[[ Information shown, beginning ]]

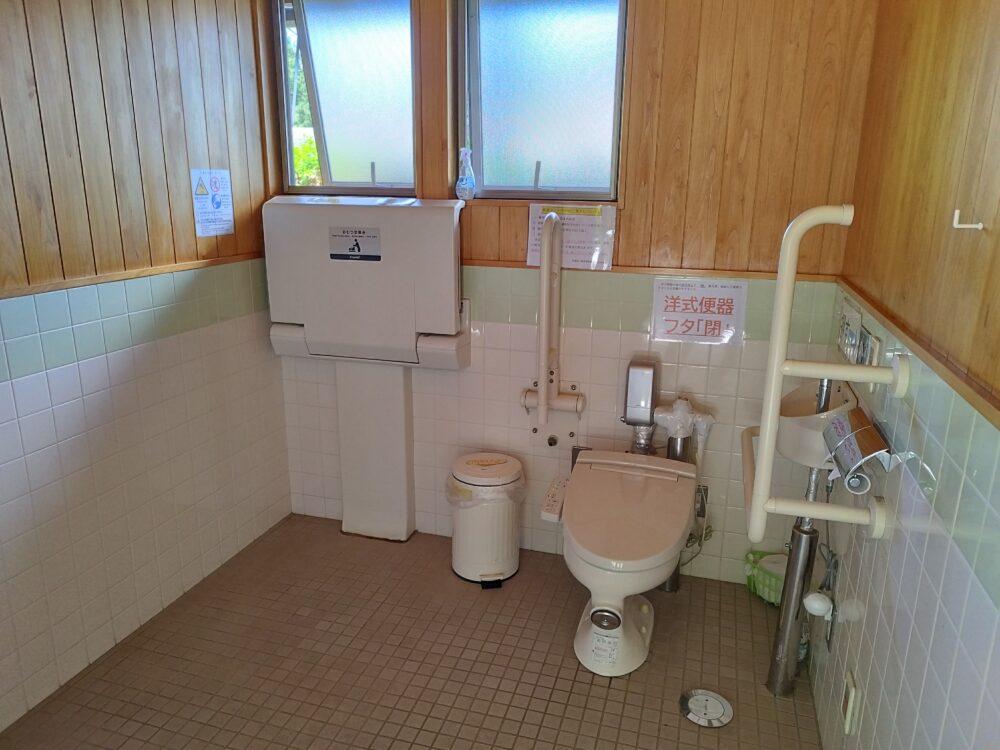弥高山公園　管理棟前の水洗トイレ
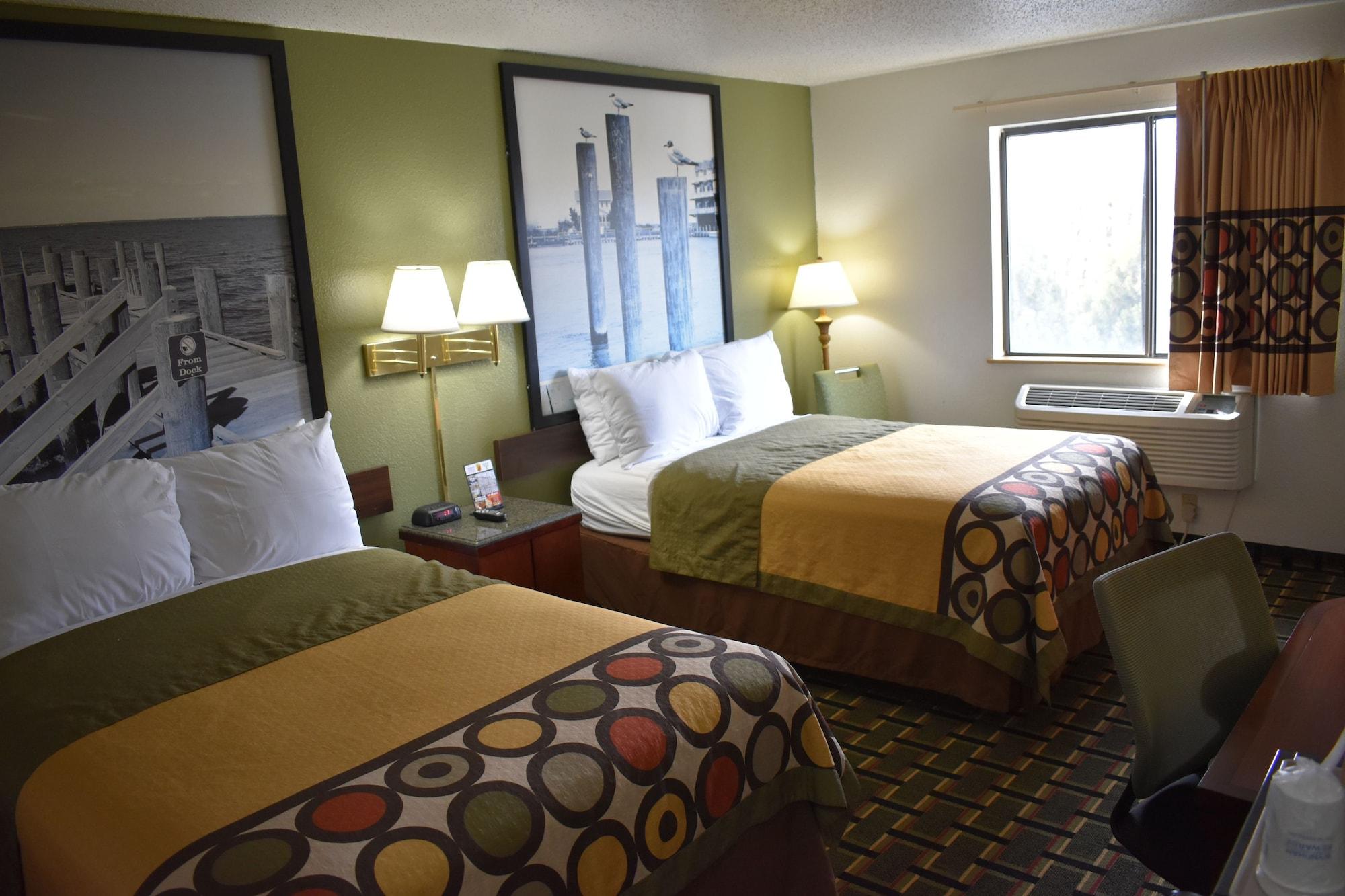 Super 8 By Wyndham Newport News/Jefferson Ave. Hotel Eksteriør billede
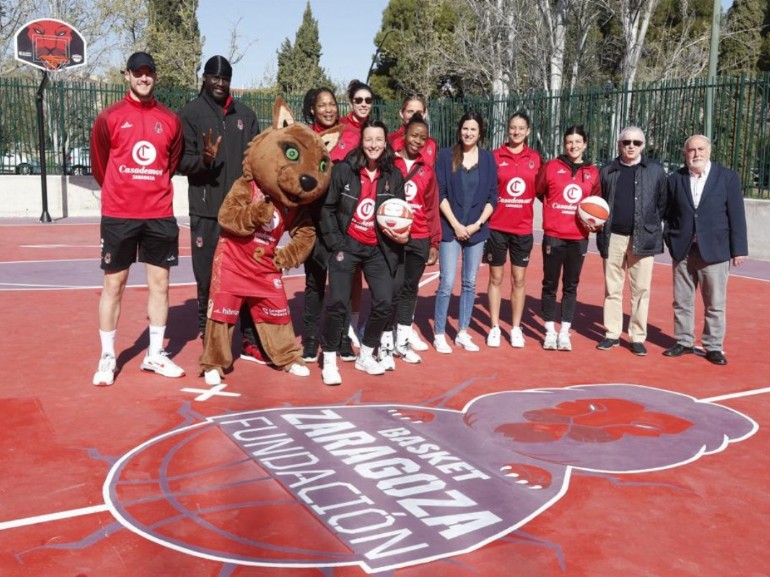 El barrio de Las Fuentes estrena nueva cancha de baloncesto al aire libre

[[ Information shown, end ]]

Task description | If pictures appear in the data, do not print them; repeat the rest exactly.

Solved problem |
弥高山公園　管理棟前の水洗トイレ
 Super 8 By Wyndham Newport News/Jefferson Ave. Hotel Eksteriør billede
 El barrio de Las Fuentes estrena nueva cancha de baloncesto al aire libre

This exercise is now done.